Mission Lane Applies for Charter

Mission Lane, a Richmond-based credit card startup, is the latest company to apply for a bank charter. The proposed de novo, to be known as Mission Lane Bank, will operate as a special-purpose credit card bank, if approved. Per the public portion of the company’s charter application, Mission Lane intends to use the charter “to focus on a specific market niche: an estimated 70 million Americans geographically dispersed across the country who are systematically underserved by traditional financial institutions and have a demonstrated need for affordable access to credit.” Presently, Mission Lane partners with two banks to issue its cards: Transportation Alliance Bank and WebBank. As a special-purpose credit card bank, Mission Lane Bank would only be allowed to engage in credit card operations and would be prohibited from accepting “demand deposits or deposits that the depositor may withdraw by check or similar means for payment to third parties or others.”

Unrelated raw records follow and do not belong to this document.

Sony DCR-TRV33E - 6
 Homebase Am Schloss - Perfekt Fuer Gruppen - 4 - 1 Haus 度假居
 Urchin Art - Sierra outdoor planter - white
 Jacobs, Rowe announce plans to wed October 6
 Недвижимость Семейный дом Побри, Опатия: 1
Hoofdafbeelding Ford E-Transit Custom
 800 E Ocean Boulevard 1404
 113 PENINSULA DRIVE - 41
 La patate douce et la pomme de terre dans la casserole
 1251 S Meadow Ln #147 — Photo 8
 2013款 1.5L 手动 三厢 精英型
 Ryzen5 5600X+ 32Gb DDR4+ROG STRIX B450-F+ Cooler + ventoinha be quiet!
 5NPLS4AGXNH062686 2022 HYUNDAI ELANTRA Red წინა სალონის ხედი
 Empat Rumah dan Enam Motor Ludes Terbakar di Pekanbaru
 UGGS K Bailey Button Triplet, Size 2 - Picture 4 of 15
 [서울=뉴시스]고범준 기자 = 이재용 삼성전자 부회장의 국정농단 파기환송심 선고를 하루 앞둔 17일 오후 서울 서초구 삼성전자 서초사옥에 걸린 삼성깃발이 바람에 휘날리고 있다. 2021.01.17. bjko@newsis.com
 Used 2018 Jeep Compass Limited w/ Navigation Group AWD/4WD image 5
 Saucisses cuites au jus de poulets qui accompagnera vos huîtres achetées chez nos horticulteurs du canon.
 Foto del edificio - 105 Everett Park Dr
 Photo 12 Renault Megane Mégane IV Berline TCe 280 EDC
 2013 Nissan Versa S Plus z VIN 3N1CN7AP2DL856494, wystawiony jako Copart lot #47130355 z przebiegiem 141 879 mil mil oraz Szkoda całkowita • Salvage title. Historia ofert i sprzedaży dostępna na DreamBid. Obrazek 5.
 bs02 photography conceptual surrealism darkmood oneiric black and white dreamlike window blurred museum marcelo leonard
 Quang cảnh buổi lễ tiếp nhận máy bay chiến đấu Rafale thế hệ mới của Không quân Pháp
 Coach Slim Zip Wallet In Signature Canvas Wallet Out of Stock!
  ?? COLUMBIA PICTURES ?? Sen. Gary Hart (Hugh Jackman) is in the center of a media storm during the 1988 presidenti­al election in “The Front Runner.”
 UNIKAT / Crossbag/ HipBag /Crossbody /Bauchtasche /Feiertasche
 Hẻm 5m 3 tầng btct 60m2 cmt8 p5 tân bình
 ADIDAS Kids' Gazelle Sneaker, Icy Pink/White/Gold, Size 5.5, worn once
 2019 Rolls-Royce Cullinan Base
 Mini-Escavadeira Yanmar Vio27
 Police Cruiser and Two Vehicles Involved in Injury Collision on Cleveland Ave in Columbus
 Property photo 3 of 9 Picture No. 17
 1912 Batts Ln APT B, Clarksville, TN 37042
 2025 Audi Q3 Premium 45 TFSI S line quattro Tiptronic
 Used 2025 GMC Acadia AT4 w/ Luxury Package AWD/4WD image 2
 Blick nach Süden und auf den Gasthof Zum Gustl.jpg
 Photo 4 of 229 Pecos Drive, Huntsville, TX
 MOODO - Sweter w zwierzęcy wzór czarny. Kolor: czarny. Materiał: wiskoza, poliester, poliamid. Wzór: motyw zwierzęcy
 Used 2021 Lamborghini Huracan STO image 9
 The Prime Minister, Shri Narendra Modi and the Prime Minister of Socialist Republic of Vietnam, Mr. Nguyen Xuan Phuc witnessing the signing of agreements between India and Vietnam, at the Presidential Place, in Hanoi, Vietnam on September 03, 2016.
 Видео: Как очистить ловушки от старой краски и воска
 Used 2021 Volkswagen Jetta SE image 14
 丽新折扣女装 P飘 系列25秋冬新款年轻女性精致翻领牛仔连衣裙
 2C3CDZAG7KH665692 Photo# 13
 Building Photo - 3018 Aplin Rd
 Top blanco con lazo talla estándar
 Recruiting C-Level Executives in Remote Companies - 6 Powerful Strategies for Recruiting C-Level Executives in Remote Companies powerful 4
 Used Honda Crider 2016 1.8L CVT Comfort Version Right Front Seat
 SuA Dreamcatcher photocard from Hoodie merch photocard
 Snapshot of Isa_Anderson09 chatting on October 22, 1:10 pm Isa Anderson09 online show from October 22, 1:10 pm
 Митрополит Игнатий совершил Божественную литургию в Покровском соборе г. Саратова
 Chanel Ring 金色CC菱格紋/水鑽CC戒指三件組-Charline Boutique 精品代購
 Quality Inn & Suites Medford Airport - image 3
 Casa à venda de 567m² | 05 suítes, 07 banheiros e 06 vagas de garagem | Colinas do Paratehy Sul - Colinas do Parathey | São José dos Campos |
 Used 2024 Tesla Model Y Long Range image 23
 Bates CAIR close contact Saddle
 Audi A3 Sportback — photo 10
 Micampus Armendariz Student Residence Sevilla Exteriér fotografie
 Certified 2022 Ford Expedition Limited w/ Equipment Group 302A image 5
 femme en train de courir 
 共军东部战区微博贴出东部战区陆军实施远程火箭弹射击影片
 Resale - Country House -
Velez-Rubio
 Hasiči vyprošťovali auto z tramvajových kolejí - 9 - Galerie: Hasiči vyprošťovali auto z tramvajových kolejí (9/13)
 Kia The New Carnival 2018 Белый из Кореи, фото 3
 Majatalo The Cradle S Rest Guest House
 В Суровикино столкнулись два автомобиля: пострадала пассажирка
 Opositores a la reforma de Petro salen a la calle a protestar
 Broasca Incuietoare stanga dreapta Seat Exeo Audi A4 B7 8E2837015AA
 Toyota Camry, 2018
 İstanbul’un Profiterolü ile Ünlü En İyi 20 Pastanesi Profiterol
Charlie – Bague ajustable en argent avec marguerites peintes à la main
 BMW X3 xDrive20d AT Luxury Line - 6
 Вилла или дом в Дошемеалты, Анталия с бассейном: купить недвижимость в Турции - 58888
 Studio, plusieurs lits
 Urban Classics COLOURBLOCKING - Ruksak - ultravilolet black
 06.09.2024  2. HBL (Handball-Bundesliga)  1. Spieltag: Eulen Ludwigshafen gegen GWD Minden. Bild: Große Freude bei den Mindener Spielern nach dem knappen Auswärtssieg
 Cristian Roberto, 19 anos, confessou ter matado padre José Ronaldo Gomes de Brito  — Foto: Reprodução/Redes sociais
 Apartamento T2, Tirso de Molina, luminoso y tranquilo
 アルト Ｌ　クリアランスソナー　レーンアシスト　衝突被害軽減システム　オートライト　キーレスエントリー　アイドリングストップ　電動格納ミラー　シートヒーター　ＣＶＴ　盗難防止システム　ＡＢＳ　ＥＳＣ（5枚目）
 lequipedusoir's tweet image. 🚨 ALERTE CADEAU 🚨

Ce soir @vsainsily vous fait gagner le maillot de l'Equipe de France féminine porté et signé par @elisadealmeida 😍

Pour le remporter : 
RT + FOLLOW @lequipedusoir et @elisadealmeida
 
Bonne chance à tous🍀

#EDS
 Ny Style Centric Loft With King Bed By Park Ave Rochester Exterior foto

Repay Rebuffs Acquisition Offer

Payments processor Repay has attracted a $1Bn takeover offer from Forager Capital, per a letter from the investor last week. Forager already owns a 13% stake in Repay and is offering $4.80 a share, a hefty 75% premium to its 30-day volume-weighted average price of $2.75. Repay said it would consider the offer, but per reporting in Payments Dive, the company implemented a shareholder rights plan to defend against the unwanted offer. The proposed takeover comes as Repay is pursuing a deal of its own: the potential acquisition of Kubra Data Transfer, another company in the payment processing space. Repay offered $372Mn to acquire the company last month, but the offer was rejected, owing to opposition from Veradace Partners, which owns an 8.4% stake in Kubra Data Transfer.